Dramma nel Salento: madre e figlio ritrovati senza vita ieri
E’ stato ritrovato morto nella propria abitazione nella serata di ieri 18 Novembre il bambino di 8 anni scomparso ieri mattina a Calimera in provincia di Lecce, il corpo privo di vita della madre Najoua Minniti era stato trovato già nel primo pomeriggio di ieri in mare e recuperato dalla guardia costiera di Otranto.
Le ricerche sono cominciate dopo la denuncia di scomparsa fatta da parte del padre del bambino che non vedendolo uscire da scuola nella giornata di ieri e data anche l’irreperibilità della madre aveva sporto denuncia di scomparsa.
I carabinieri stanno seguendo le indagini per ricostruire quanto accaduto, il corpo del bambino come già detto in precedenza è stato ritrovato nell’abitazione dove viveva con la madre più precisamente nella sua camera da letto con evidenti segni di violenza, secondo le prime ricostruzioni la madre non ha mai portato il bambino a scuola e si segue la pista dell’omicidio-suicidio.

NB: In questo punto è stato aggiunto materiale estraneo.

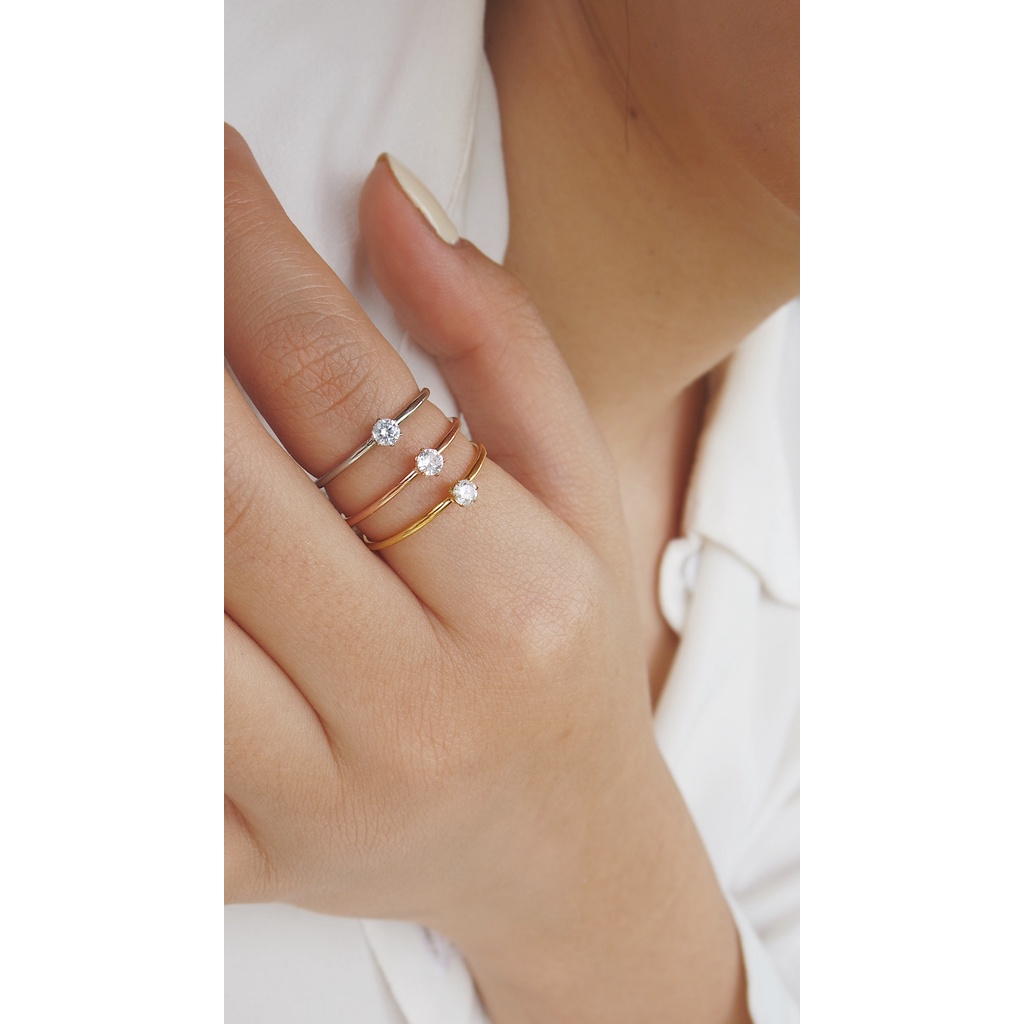(CINCIN ANTI KARAT) SOPHIA SOLITAIRE RING - STAINLESS STEEL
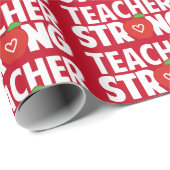 Papier Cadeau Enseignant fort avec la pomme rouge (Coin rond)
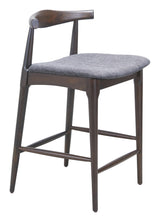 ZUO Tuzka Counter Stool (Set of 2) Gray & Espresso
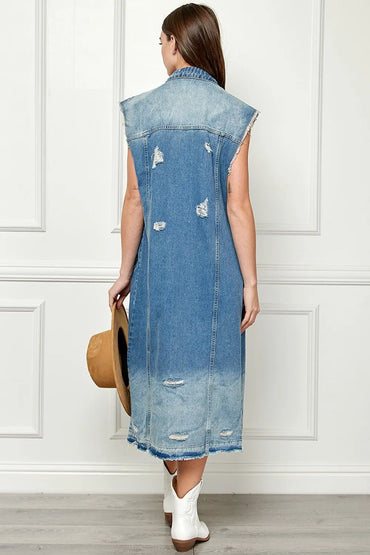 Veveret Full Size Distressed Sleeveless Longline Denim Jacket - Love Salve 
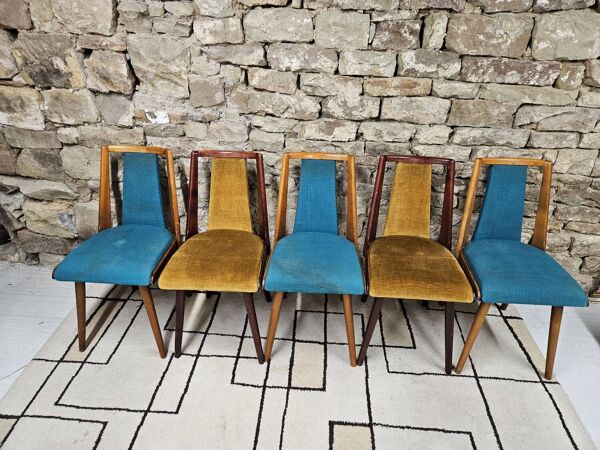 Lot de 5 chaises vintage bistrot pied fuseau 1960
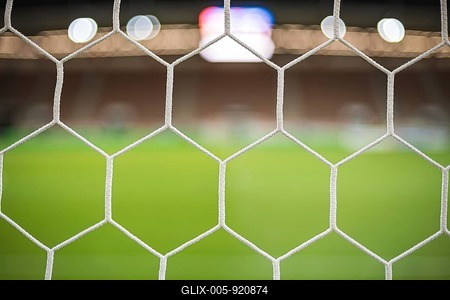 Football stadium - view by the net-stock-foto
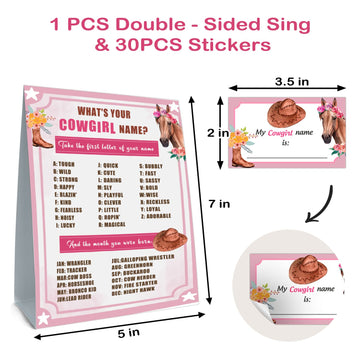 What'S Your Cowgirl Name, Cowgirl Birthday Party Sign For Girls, Holiday Activity, Kids Cowgirl Activity Cards, Cowgirl Activity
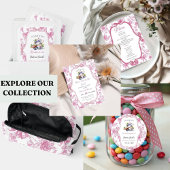 ピンクワイルドフラワーティーデイトナイトアイディアブライダルシャワー エンクロージャーカード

Secondo le prime ipotesi Najoua Minniti, 35 anni, originaria di Reggio Calabria avrebbe strangolato il bambino e dopo si sarebbe suicidata buttandosi in mare con il corpo che è stato ritrovato nella giornata di ieri pomeriggio intorno le 14:30 da un sub a circa 20 km dall’abitazione dove viveva insieme al figlio, le cause sono però ancora tutte da accertare e probabilmente su entrambi i corpi sarà predisposta autopsia per decretare precisamente orario e cause.
La piccola comunità di Calimera è sotto shock e non ha tardato ad arrivare un post del sindaco Gianluca Tommasi, presente anche ieri sera in Via Montinari dove si trova l’abitazione nella quale la donna e il figlio abitavano e dove è stato ritrovato il corpo del piccolo ed ha ribadito l’immenso dolore che ha colpito la comunità e ha riposto grande fiducia nelle indagini che verranno svolte dalle forze dell’ordine per una ricostruzione più chiara su quanto accaduto.